- [Exercise brief]
The pictures in the listing below are to be skipped, while the lines between the line holding "Sleeveless dress perfect" and the line holding "Realizan concurso de", inclusive, are to be output exactly.

- [Entries supplied]
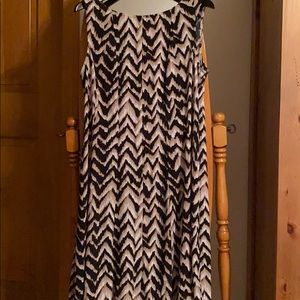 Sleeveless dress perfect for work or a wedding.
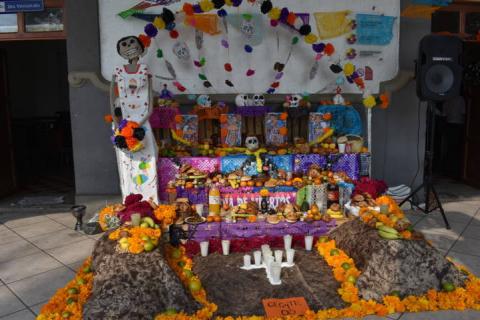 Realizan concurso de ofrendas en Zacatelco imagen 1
--
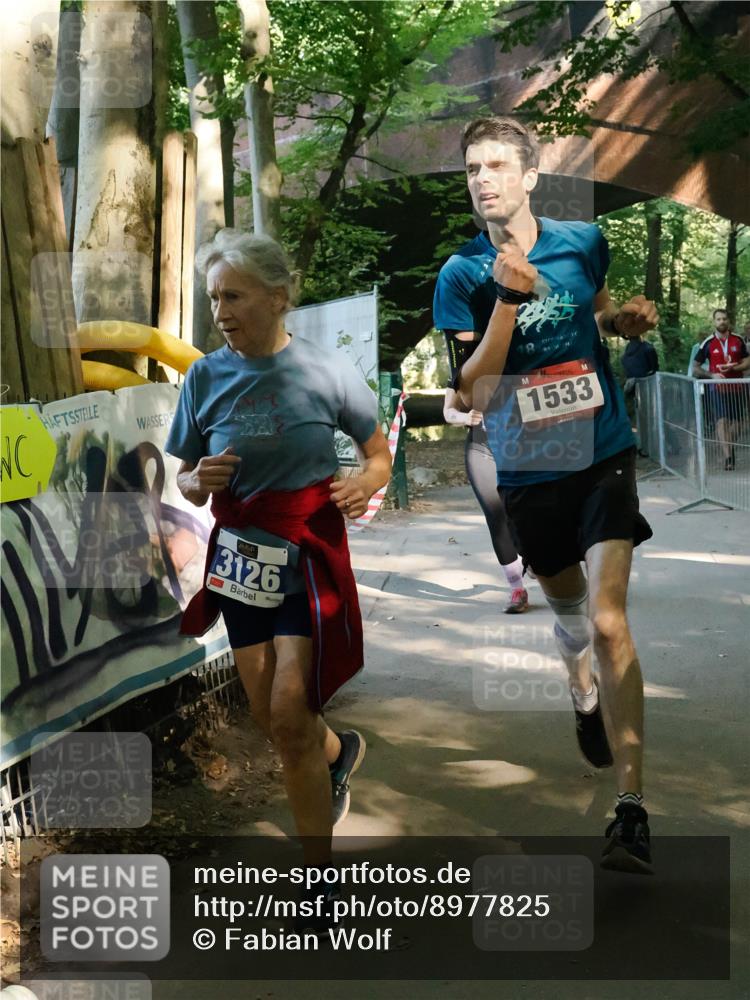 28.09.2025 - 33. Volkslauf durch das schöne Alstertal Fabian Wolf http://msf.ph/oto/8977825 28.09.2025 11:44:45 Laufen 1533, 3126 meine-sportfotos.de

- [Response]
 Sleeveless dress perfect for work or a wedding.
 Realizan concurso de ofrendas en Zacatelco imagen 1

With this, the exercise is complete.